The recent SMI data does not settle it. Australian total ad spend contracted 5.2 per cent year on year in February 2026. Q4 2025 was soft, with October down 14.7 per cent. The market entered 2026 with momentum the wrong way.
But beneath the headline, the channel split is doing the heavy lifting. Print newspaper advertising rose 17.4 per cent year on year in February and gained share in a shrinking pool. Search is forecast to grow 9.1 per cent in 2026. Out-of-home is up 6.2 per cent. Retail media is the fastest-growing channel, up 28.1 per cent in 2025 and a further 24.4 per cent in 2026. Linear TV is down 5.1 per cent.
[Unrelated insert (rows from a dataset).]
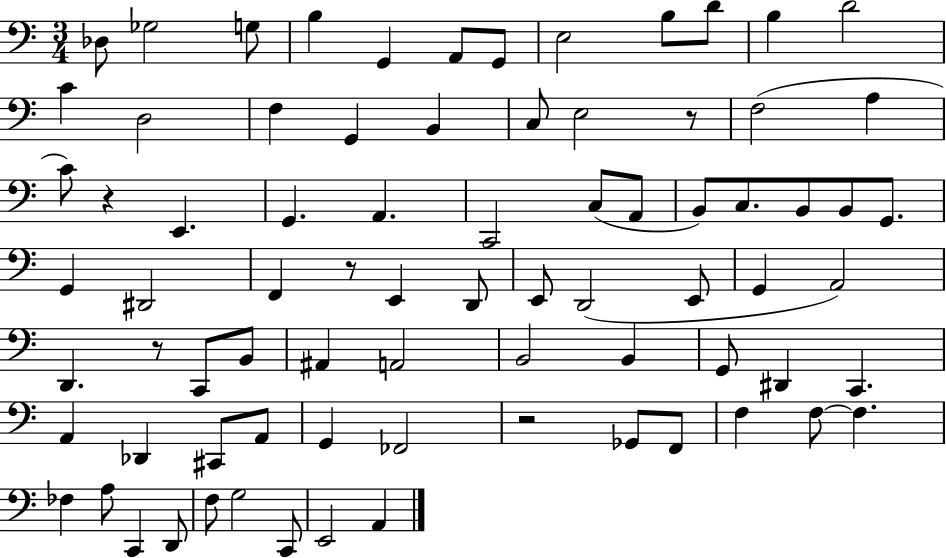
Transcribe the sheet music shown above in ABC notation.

X:1
T:Untitled
M:3/4
L:1/4
K:C
_D,/2 _G,2 G,/2 B, G,, A,,/2 G,,/2 E,2 B,/2 D/2 B, D2 C D,2 F, G,, B,, C,/2 E,2 z/2 F,2 A, C/2 z E,, G,, A,, C,,2 C,/2 A,,/2 B,,/2 C,/2 B,,/2 B,,/2 G,,/2 G,, ^D,,2 F,, z/2 E,, D,,/2 E,,/2 D,,2 E,,/2 G,, A,,2 D,, z/2 C,,/2 B,,/2 ^A,, A,,2 B,,2 B,, G,,/2 ^D,, C,, A,, _D,, ^C,,/2 A,,/2 G,, _F,,2 z2 _G,,/2 F,,/2 F, F,/2 F, _F, A,/2 C,, D,,/2 F,/2 G,2 C,,/2 E,,2 A,,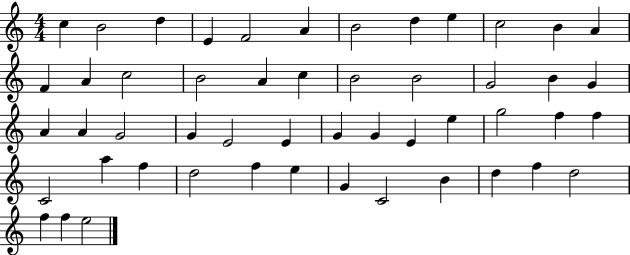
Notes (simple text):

C5/q B4/h D5/q E4/q F4/h A4/q B4/h D5/q E5/q C5/h B4/q A4/q F4/q A4/q C5/h B4/h A4/q C5/q B4/h B4/h G4/h B4/q G4/q A4/q A4/q G4/h G4/q E4/h E4/q G4/q G4/q E4/q E5/q G5/h F5/q F5/q C4/h A5/q F5/q D5/h F5/q E5/q G4/q C4/h B4/q D5/q F5/q D5/h F5/q F5/q E5/h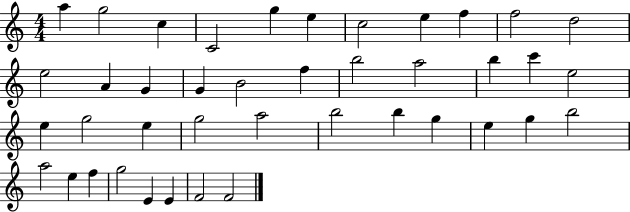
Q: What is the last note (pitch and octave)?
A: F4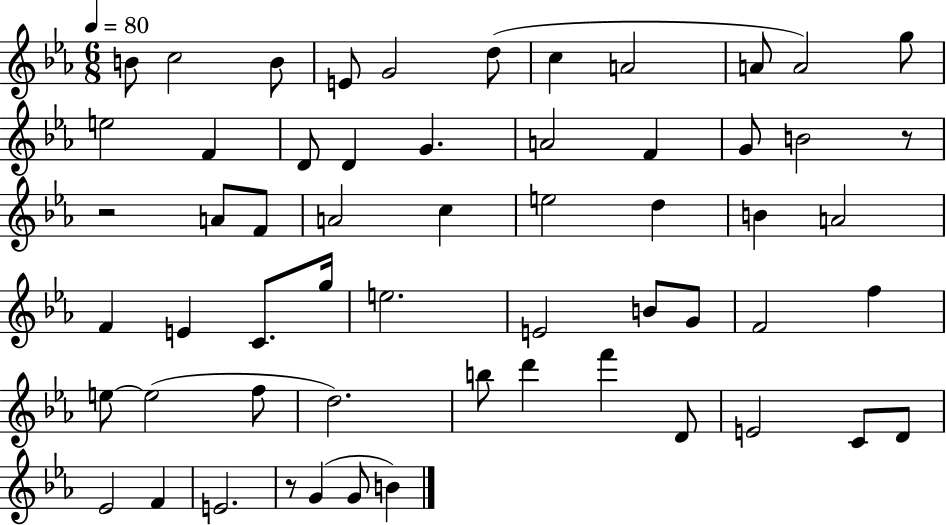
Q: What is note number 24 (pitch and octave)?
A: C5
WPP Media's projection for the Australian advertising market in 2026. The number Dentsu disagrees with by AUD 700M.
Why it matters
Forecast splits at this scale tell you the consensus is breaking down. The bullish read, WPP Media's, leans on search, retail media and out-of-home pulling the market upward. The bearish read, Dentsu's, leans on linear TV decline and a weaker macro picture for consumer spending.
For Australian marketers, both readings are right about something. Retail media is taking share. Linear is leaking share. Search is growing because AI-led ad formats are pulling new budget. The question is whether the growth channels grow fast enough to outweigh the decline channels.
The CFO conversation is the one that matters. A 6.5 per cent growth forecast supports a budget increase request. A 4.1 per cent forecast supports a flat budget defence. Both are defensible. Both come with a different set of assumptions baked in.
What to do about it
Build your 2027 budget plan against both forecasts. Run a high-case and low-case scenario. If your numbers only work in the WPP world, you have a fragility problem.
Re-check your channel mix against the channel forecasts. If you are still over-indexed on linear TV, your 2026 efficiency will be dragged down by the channel decline.
Pull your share of retail media spend forward. The channel is growing too fast to ignore. The Australian retail media networks worth testing are Cartology, Coles 360, eBay Advertising and Amazon AU.
Defend your search budget at the CFO meeting. Search ad inflation is real. The 9.1 per cent forecast growth means you need more dollars to hold the same impression share.
Watch the May SMI release. That data point will tell you whether February's softness was a blip or the start of a trend. If two consecutive months print down, the Dentsu forecast is the right one to plan against.
Two forecasts. One market. The right planning answer is to model both and let the next quarter of data decide.